Several reports have indicated that Microsoft's standard TLS library
(SChannel) reuses ephemeral DH keys (specifically TLS ECDHE keys) for
two hours. Are those reports not accurate?

Even if keygen were implemented as variable-base scalarmult without the
complication of a separate fixed-base scalarmult function, wouldn't you
agree that this key reuse makes the cost of key generation irrelevant?
Wouldn't you expect other implementors to reuse keys for this reason?

Obviously two hours is not the right choice: repressive police states
can certainly seize equipment within that time interval. In my message
dated 1 Aug 2014 01:36:59 -0000, I suggested 10 seconds as an upper
limit. However, this doesn't change the DH performance picture!
Variable-base scalarmult is dominant for DH, including ephemeral DH.

I concluded that CFRG should consider the performance of variable-base
scalarmult (for DH), fixed-base scalarmult (for signing), and
double-base scalarmult (for signature verification). But I don't expect
this to produce different curve choices from considering solely
variable-base scalarmult---which is also the most fundamental operation
and the usual focus of DH performance analyses in the literature.
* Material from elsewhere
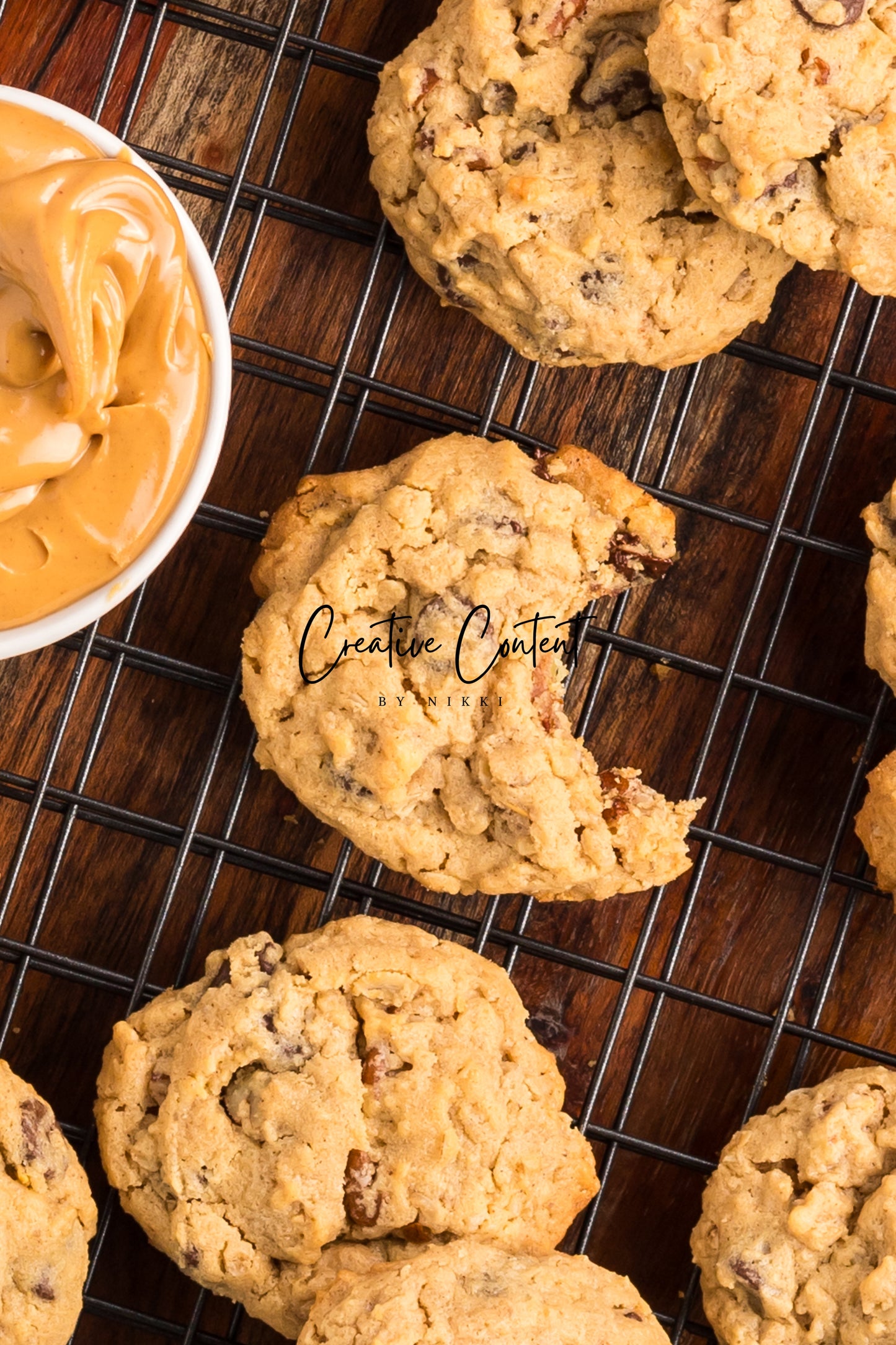 Oatmeal Peanut Butter Chocolate Chip Cookies - Set 2 of 2
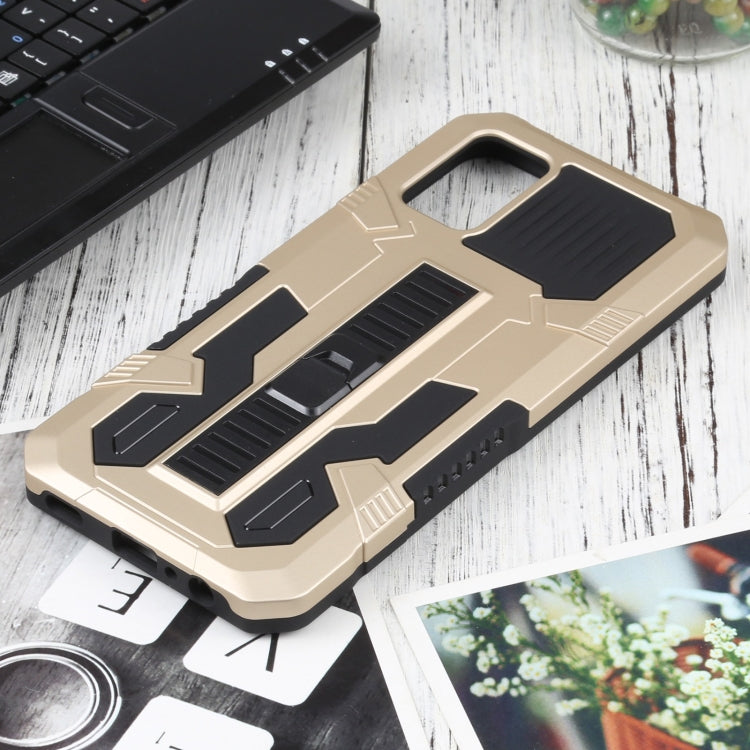 For Samsung Galaxy A02s 164mm EU Version Vanguard Warrior All Inclusive Double-color Shockproof TPU + PC Protective Case with Holder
> allowing X25519 implementations to amortize
> the cost of operations which are particularly expensive for X25519
> over multiple uses of the same key. 

The "expensive for X25519" claim here is completely wrong. X25519 allows
all the usual speed benefits from all the usual fixed-base speedups. As
Mike Hamburg put it in his mail message dated 7 Aug 2014 11:57:45 -0700,
optimized fixed-base scalarmult "will pretty much always cost about a
third of what the variable-base scalar multiply costs."

Concretely,

   https://github.com/floodyberry/ed25519-donna
   https://github.com/agl/curve25519-donna
   
support all Curve25519/X25519/Ed25519 operations under discussion: DH
keygen (curved25519_scalarmult_basepoint is the fast version), DH
shared-secret computation, signature keygen, signing, and verification.
These are faster than the speeds announced by Microsoft for each of
these operations (and of course also for combinations of operations in
ECDHE etc.) on the CPU that Microsoft has selected for benchmarks. Also,
unlike Microsoft's library, these actually do the work of signing etc.

There are many X25519 implementations, reflecting the wide use of X25519
in many real-world protocols. It's of course true that reusing DH keys
practically eliminates keygen cost, which is exactly why typical users
don't care about DH keygen time, which is exactly why typical DH
implementations prioritize simplicity over DH keygen optimizations. This
has given you the flexibility to cherry-pick X25519 implementations that
don't bother speeding up keygen, and to misrepresent the performance of
those implementations as the keygen performance of X25519, even though
faster X25519 keygen code has been available for longer than Microsoft's
library has. Your position is not defensible.

> There has been no legitimate argument put forward for
> repeated use of ephemeral keys in ECDHE.

If a server notices keygen time, it can gain far more performance by
reusing a key 100 times than by switching to fixed-base scalarmult.
Reusing keys also costs less code in many settings than implementing
fixed-base scalarmult, but even without this simplicity argument you
have to admit that there's a legitimate performance argument.

Out of curiosity: If it wasn't for performance, why did Microsoft's TLS
library ever reuse ephemeral DH keys in the first place? Would you say
that the Microsoft reason was illegitimate? Even if you're sure that it
was illegitimate, wouldn't you agree that taking this reuse off of the
CFRG radar screen would require a blanket prohibition on this reuse in
all IETF protocols, and that no such prohibition exists?

> Assuming that implementations will implement more than one security 
> level, choosing X25519 for ECDHE at the 128 bit security level will require
> implementations to use different curve arithmetic for the 128 bit security
> level than other security levels.  

No. All Edwards (and twisted Edwards) curves, at all security levels,
are compatible with choosing Montgomery coordinates for ECDHE. See my
message dated 25 Aug 2014 23:43:05 -0000 for the relevant formulas.

When Tanja Lange and I introduced Edwards-curve cryptography, we
correctly and publicly predicted that Edwards coordinates would be close
in performance to Montgomery coordinates. However, nothing has ever
matched the amazing _simplicity_ of the Montgomery X-coordinate for DH.
This simplicity is more than just a time-saver; it also removes many
opportunities for DH implementors to screw up security.

> clear drawback to requiring different curve forms for key agreement
> and digital signature at the same security level.

The Montgomery approach to DH is exceptionally simple---costing very few
lines of code for a unified DH+signatures implementation (as TweetNaCl
demonstrates), and at the same time saving many more lines of code for a
pure DH implementation. If the picture looks like

   * complexity 300: DH using Montgomery
   * complexity 500: DH using Edwards
   * complexity 600: DH using Edwards + signatures using Edwards
   * complexity 610: DH using Montgomery + signatures using Edwards

you can't claim that there is a "clear drawback" to DH using Montgomery.